Test pattern aliasing: My first test image was a smooth gradient

(x + 3y) mod 256. Multiple motion vectors give SAD=0 on that pattern

(along the gradient line), so even brute force picks "wrong" answers that

are still correct. Lesson: test motion search on something with spatial

structure, not periodic patterns.

The encoder now tries both the existing zoom-comp path AND the MC path per frame, keeping the smaller bitstream. Decoder dispatches on a 0xFF sentinel in byte 0.

The numbers

Tested on identical Y4M input across all codecs. 30 frames of a YouTube clip (640×360, h.264 source decoded to raw):

UTVideo 4.73x FFV1 8.97x RECURSOR-V5 12.61x ← +41% over FFV1 x265-lossless 24.18x

x264-lossless 31.30x

Smaller synthetic clips (5 frames each):

mandelbrot screen_text testsrc2 ---------- ----------- -------- HuffYUV 1.98x 2.89x 2.42x UTVideo 3.05x 7.46x 5.61x FFV1 5.27x 102.39x 20.96x RECURSOR-V5 5.46x 128.46x 19.52x x264-lossless 12.13x 230.87x 25.54x

x265-lossless 12.25x 166.21x 21.03x

We beat FFV1 on three of four test inputs. The one we lose on (testsrc2) is ffmpeg's synthetic test pattern with sweeping color bars — content that doesn't have clean translational motion, so motion compensation has nothing to chew on.

What we still don't have

The remaining gap to x264/x265 is real and I want to be honest about it:

Sub-pixel motion: x264 searches at quarter-pixel precision with 6-tap

luma filtering. We do integer-pixel only. This alone is probably 1.5–2× of

the gap.

Intra prediction modes: x264 has 8 directional modes plus DC and planar

for intra blocks. We have 5 spatial filters picked per-plane (or per-16×16

block in V4.6).

Transform coding: x264 applies 4×4 integer DCT to residuals. We

arithmetic-code residual pixels directly.

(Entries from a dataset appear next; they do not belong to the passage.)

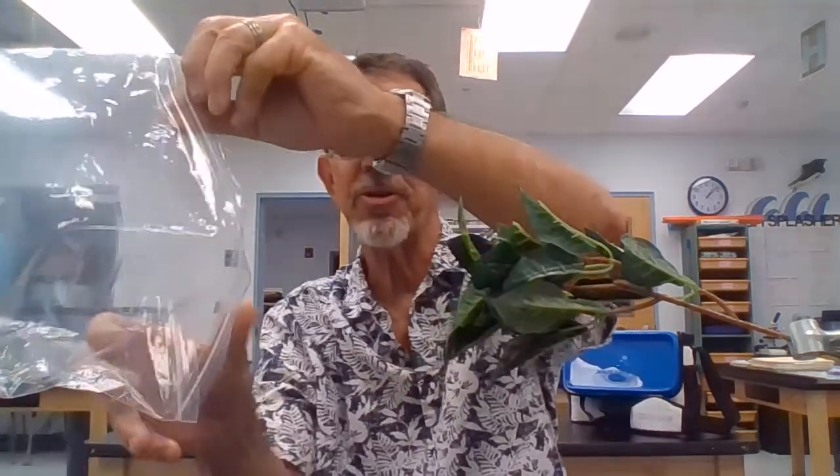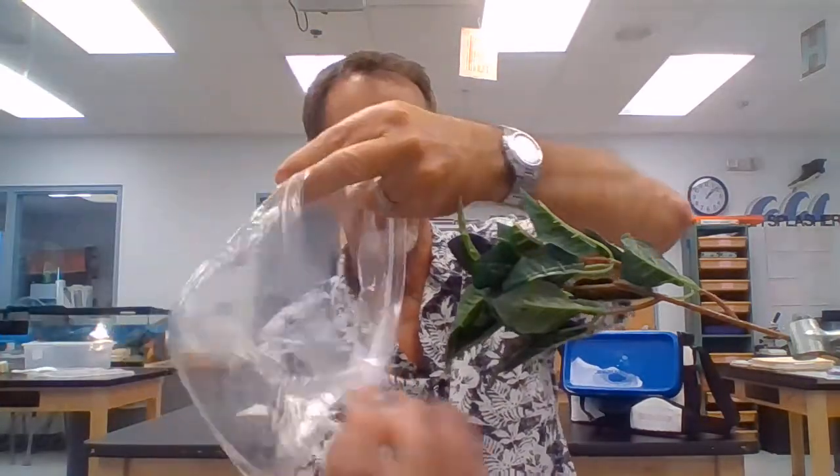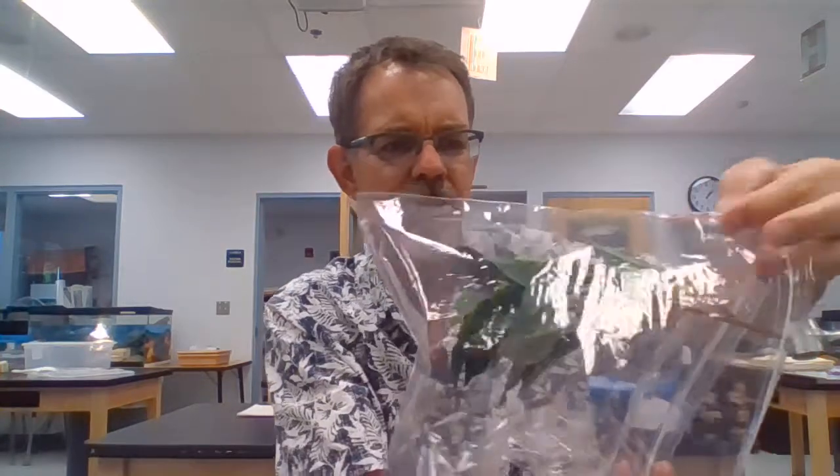If you followed my instructions, you've already seen the video about that. Here's our experiment. To do this experiment you need two things: a Ziploc bag and a plant. I have a plastic plant, so just pretend with me. What you're going to do is take a nice healthy plant — it can be a tree, it can be a shrub. You probably don't want to use a potted plant, so try to find something that's growing in the ground. Then take the Ziploc bag and place it over a group of leaves on a branch, just like so.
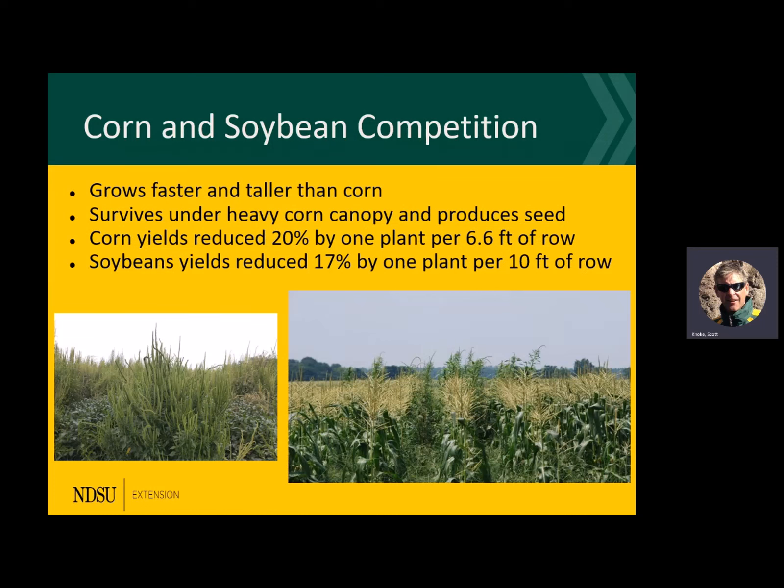I talked about competition — 20% yield reduction with just one plant per six and a half feet of row in corn. In soybeans, 17% yield reduction with one plant per 10 feet of row. I saw fields near Hillsboro and over in Minnesota with sunflowers — this stuff going right up through the canopy, and they weren't able to control it. You can bet it went to seed, so they're in it for the long haul. Hopefully it doesn't get that bad here soon.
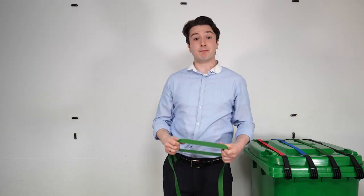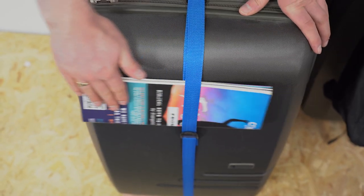Because we provide an adjustable strap, you can create a loop to attach magazines, books, and more. At Oasis Bin Lock, we design and manufacture all our strap products, which means we can guarantee the quality of what we produce, giving you peace of mind.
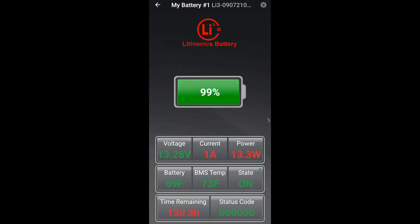After successfully storing the pin, the app will return to the main screen. The pin is also stored in your device, so future connections to the same battery from the same device will not prompt you to enter the pin.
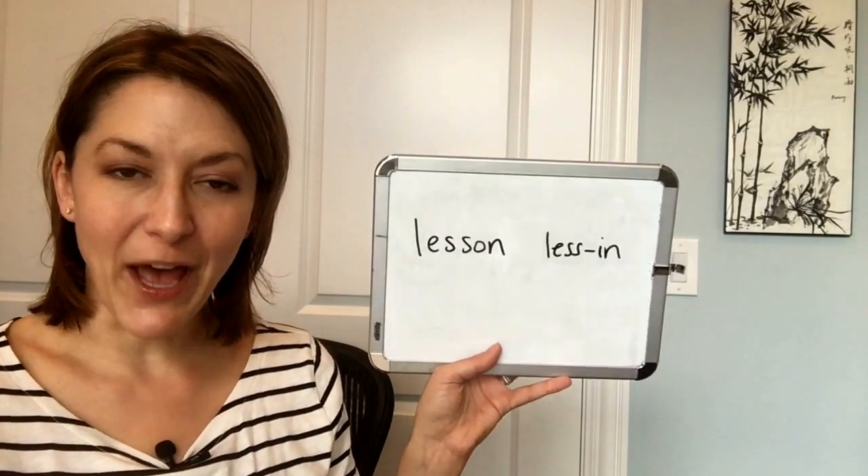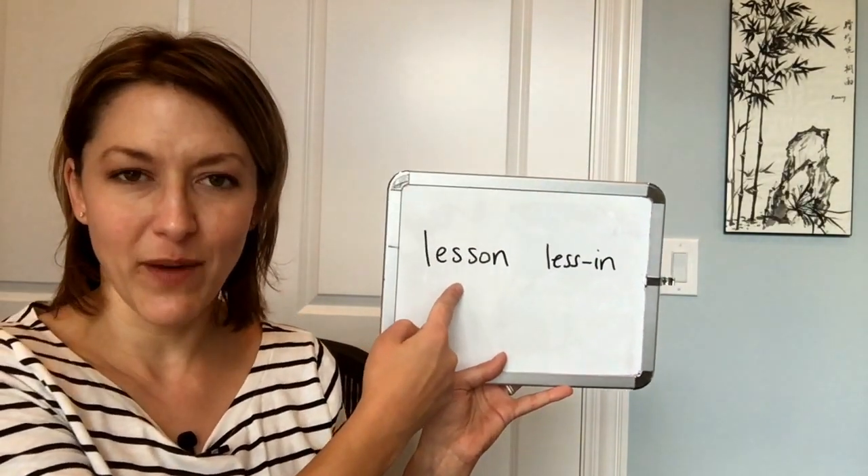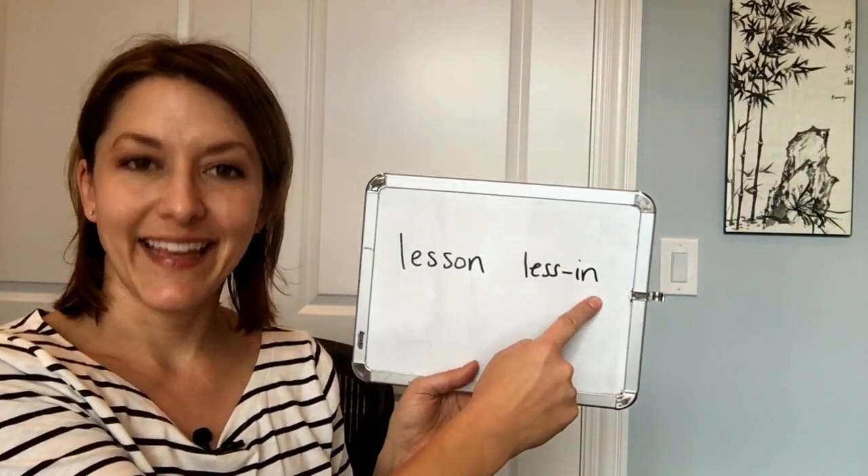I hear a lot of people mispronounce this word by saying 'on' for the ending instead of 'in.' I made a visual to help you. Here's the spelling of the word, and you might think because of the way it's spelled that you say 'on,' but actually you should say 'in.'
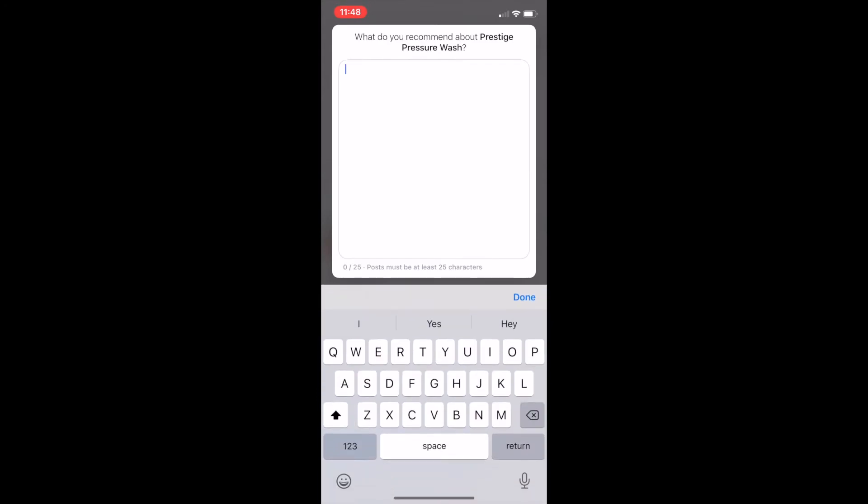I'm going to type out a little skit here: 'Thank you so much for washing my doghouse.' This is from my dog's little fake account that we made so we can show folks how to review our page.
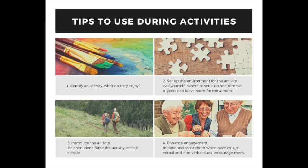Tip number two: set up the environment for that activity. Really think about where you should set up the activity. Do you need room to move around? Is there something you need to maybe move out of the way? That's tip number two.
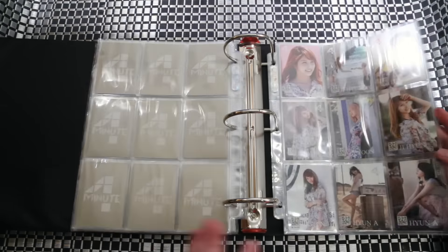AOA — photo cards on the back. I really, really do like these ones. They're red motion photo cards and I think they're my favorite. And this is all I have so far for female groups.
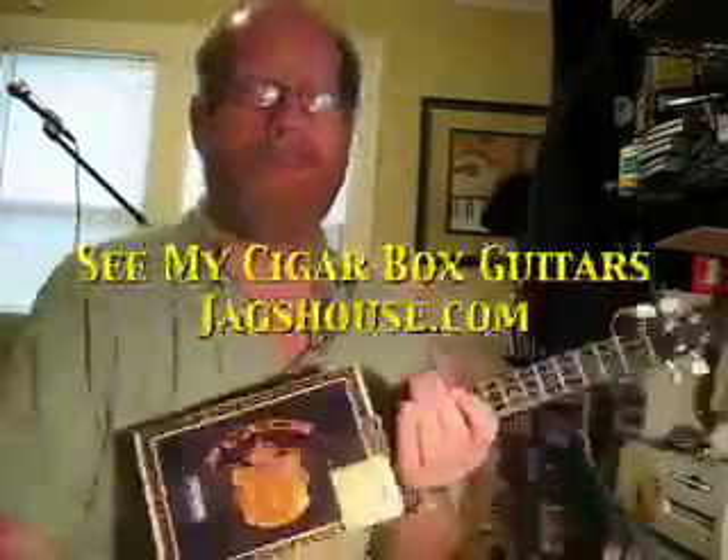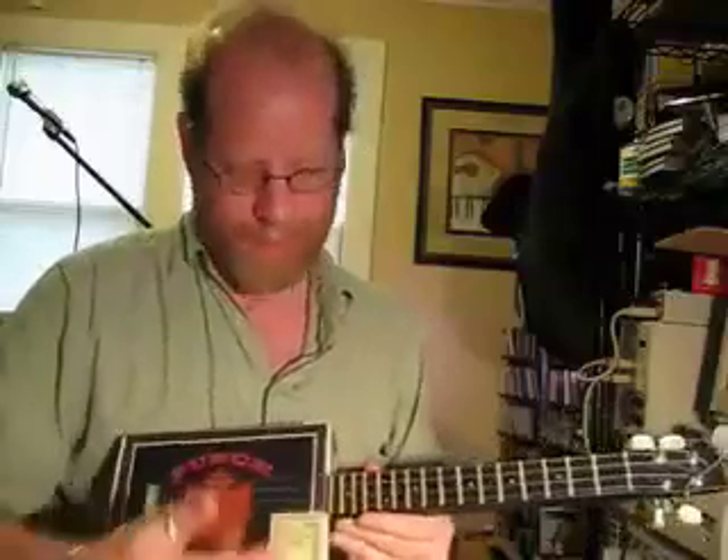What we have here is a Blues Boy Jag Punch Black Ukulele made out of a cigar box. It's got a black neck — first time I've ever done that. I thought it looked kind of cool. Matches the black body. Nylon strings, transducer pickup.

Each of those is a real chunk of work. They're on the list.

What I think this means

I'm not claiming Recursor will replace x264 tomorrow. The interesting result isn't "we beat the best" — it's that 41% over FFV1 on real video is achievable by one person, building everything in-house from a range coder up. No FFmpeg dependency, no zstd, no DCT library. Just exhaustive motion search and an order-1 entropy coder feeding a 32-bit LZMA-style range coder.

The lossless video compression world has been pretty stable for a long time. FFV1 has been the practical default for archival workflows since 2003. It turns out you can do meaningfully better with techniques that have been in the textbooks since the late 90s — you just have to actually implement them end-to-end and test them on real content.

Roundtrip is bit-exact. All 116 unit tests pass.